AZD 1305 also acts on voltage gated sodium channels (Nav1.5) by attenuating the peak (INapeak) and late sodium current (INalate), though the latter current is more potently inhibited. Attenuation of INalate by AZD1305 is concentration-dependent and decreases the slope of depolarization and delays repolarization. INalate blockade by AZD1305 depressed the threshold of sodium channel excitation and prolongs APD. Blockade of IKr may lead to excessive prolongation of APD and repolarization instability, which may promote arrhythmic conditions in the heart, including EAD and Torsade de Pointes (TdP). Under IKr blockade a pronounced INalate can contribute to the development of arrhythmias by increasing repolarization variability. AZD1305 blockade of the INalate modulates IKr-blockade induced APD instability, repolarization vulnerability, and variability in beat-to-beat APD.

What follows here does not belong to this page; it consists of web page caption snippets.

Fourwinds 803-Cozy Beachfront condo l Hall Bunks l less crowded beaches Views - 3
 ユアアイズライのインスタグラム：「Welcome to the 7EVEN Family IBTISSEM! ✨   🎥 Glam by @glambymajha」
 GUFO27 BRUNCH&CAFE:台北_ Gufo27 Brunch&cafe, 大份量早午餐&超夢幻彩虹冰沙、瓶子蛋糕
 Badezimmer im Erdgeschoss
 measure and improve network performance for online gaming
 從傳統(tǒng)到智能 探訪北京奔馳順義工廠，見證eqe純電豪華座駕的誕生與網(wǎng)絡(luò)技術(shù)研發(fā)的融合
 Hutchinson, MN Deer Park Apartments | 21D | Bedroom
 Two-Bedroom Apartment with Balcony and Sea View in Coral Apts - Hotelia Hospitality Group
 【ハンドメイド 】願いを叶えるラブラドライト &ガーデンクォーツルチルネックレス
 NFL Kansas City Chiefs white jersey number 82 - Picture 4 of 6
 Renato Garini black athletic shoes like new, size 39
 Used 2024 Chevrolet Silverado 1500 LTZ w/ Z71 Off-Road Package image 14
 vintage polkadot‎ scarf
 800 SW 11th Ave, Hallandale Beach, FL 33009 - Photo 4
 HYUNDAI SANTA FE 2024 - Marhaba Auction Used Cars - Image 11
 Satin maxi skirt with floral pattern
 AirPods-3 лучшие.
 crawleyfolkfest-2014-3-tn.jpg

In vivo, as well as in vitro studies discovered that inhibition of INa and IKr by AZD1305 is much greater in atrial versus ventricular myocytes. This atrial-selective activity of AZD1305 prolongs effective refractory period (ERF) and induces post-repolarization refractoriness (PRR) in atrial myocytes, which aids in suppressing atrial fibrillation.
AF and TdP may be induced with L-type calcium channel hyperactivity and increased calcium release from the sarcoplasmic reticulum. The L-type calcium current is also blocked by AZD 1305 which suppresses the intracellular rises in calcium levels and calcium oscillations that produce EADs. The combined block of INa, IKr, and L-type calcium current is key to the anti-arrhythmic potential of AZD1305 compared IKr blockade alone.
Benefits
Available anti-arrhythmic agents (AAD) used for the maintenance of AF are often accompanied with the risk of developing ventricular pro-arrhythmias, as they are often limited to targeting a single ion channel (i.e., Dofeiltide) and have homogenous activity throughout the heart. AZD1305 offers the advantage of being an atrial-selective AAD and combined ion channel blocker that provides protection against EAD, repolarization dispersion, and ventricular pro-arrythmias. Simultaneously, AZD1305 suppresses AF in a safe and efficacious manner, which could potentially be an ideal first-line treatment option in the future.